In particular, according to this video.
[ame="
http://www.youtube.com/watch?v=VGAqhMcFsY0"]Zbrush Sculpting - Girl with Wavy Hair - 02 hair - YouTube[/ame]
What's happening at the beginning ?
When he's adding chunk of clay on top of the head, and then they all are in the same subtool, but separated from the head itself.
I saw a glimps of ZSphere in the beginning , but I have no clue what method is it.
If you know what the method is, I could do more research on it. If you have a better tutorial on this, I'd love it.
Thanks !!
Replies
Check out the sketch brush. And for that matter, just all the z-sphere tools, there are some handy ones in there.
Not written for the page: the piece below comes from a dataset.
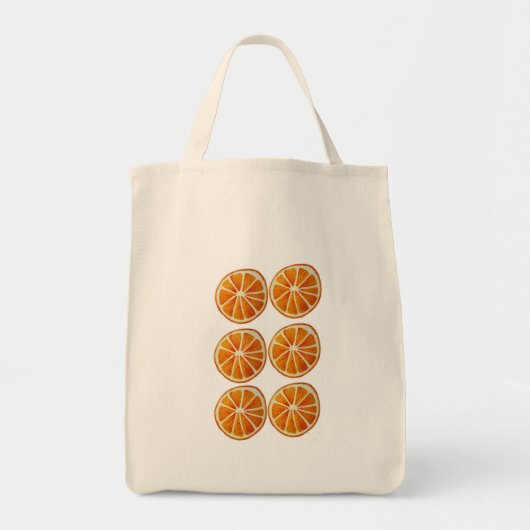 Juicy oranje slice waterverf art. pop art. tote bag (Voorkant)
One thing to keep in mind though is this is not something that is always needed.
I personally prefer to use good old move tool, snake hook, Dynamesh, before moving onto clay tubes and all the other finer trim brushes.
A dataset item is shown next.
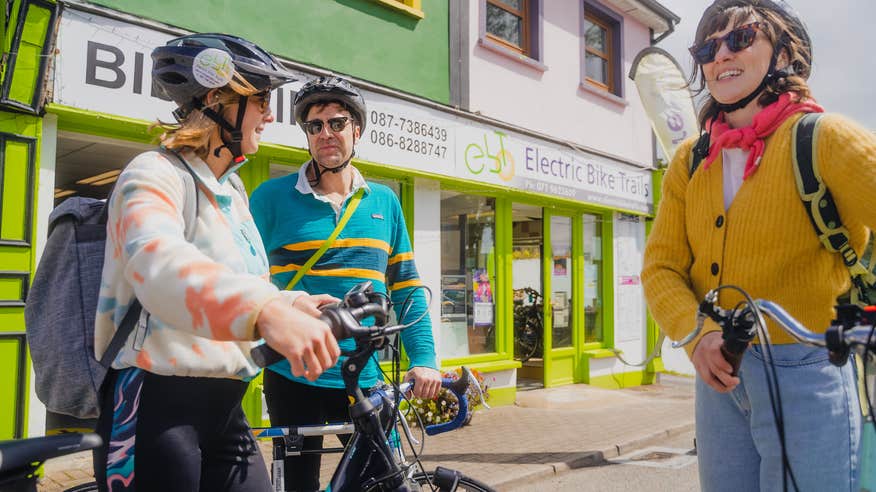 People at Electric Bike Trails in County Leitrim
Its all about finding what works for you and what gets you the results you want.
-Append a zsphere to your model
(Then you get the special zsphere rollouts on the right hand part of the screen)
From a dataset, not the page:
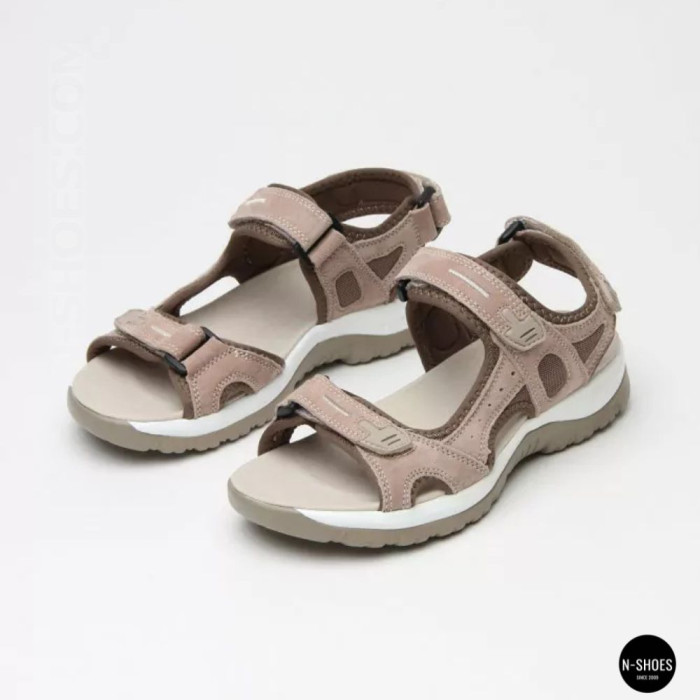 Спортивные женские босоножки на липучках Allsy 208361 60874-6 Lonza 212356 BEIGE 6125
-scroll down to "zsketch" dialog
-turn on "edit zsketch"
-in draw mode draw the shit the way this guy does. keep in mind your "draw size" chances are those spheres will be way big by default.
-use move tools and stuff to move those spheres into place also
-when finished press "A" to preview the final hp geometry.
-go to "make unified skin" under the unified skin rollout
-Append your new skin to your model to be treated as regular subtool geometry.
-delete the zphere subtool if you don't need it anymore.
-done.
but another thing to look into to aviod zspheres all together is the "curve line tool". And dynamesh.
Also, BradMyers, thanks for the alternative.